At this time, of course, it is impossible to tell whether the Malaysian shootdown represents a turning point in U.S.-Russian relations, and if so, whether that means a resumption of a Cold War-like standoff or a realization from both sides that it is time to step back from the brink and engage in more constructive diplomacy. And that uncertainty is exactly my point. There is a tendency for pundits, with the benefit of hindsight, to simplify their read of history in ways that accord with their own ideological preferences. Whether liberal or conservative, however, the “lessons” pundits derive often overstate the degree to which presidents felt free to act at the time these incidents are occurring. While Reagan’s nationwide address did evoke a moral clarity, and on a more visible platform, that perhaps was a bit less evident in Obama’s just-concluded statement, Reagan’s actual response to the KAL007 shootdown stopped short of actions that might escalate an already tense situation. In part, this reflected Reagan’s uncertainty over Andropov’s motives, or even the circumstances behind the shootdown.
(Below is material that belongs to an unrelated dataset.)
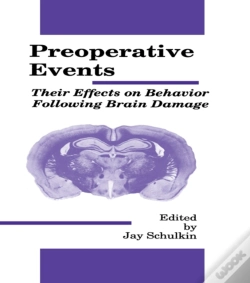 Capa do artigo Preoperative Events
It also reflected the limited range of possible responses available to Reagan, many of which had the potential to exacerbate an already tense situation.
When we get beyond the pundits’ take on the KAL007 shootdown, it appears that Reagan’s response then isn’t much different than Obama’s reaction to the Malaysian jetliner incident, at least to this point. And it is a reminder that the powers of the presidency seem much more limited, and the repercussions of acting rashly much more consequential, when you are sitting in the Oval Office than when you are critiquing the president’s actions from afar. This is not to say that history will judge Obama’s foreign policy, taken as a whole, as better, or worse than Reagan’s. But in contrast to what pundits are currently suggesting, that comparison is not likely to turn on Reagan and Obama’s respective handling of these two tragic shootdowns which, so far, seem remarkably similar.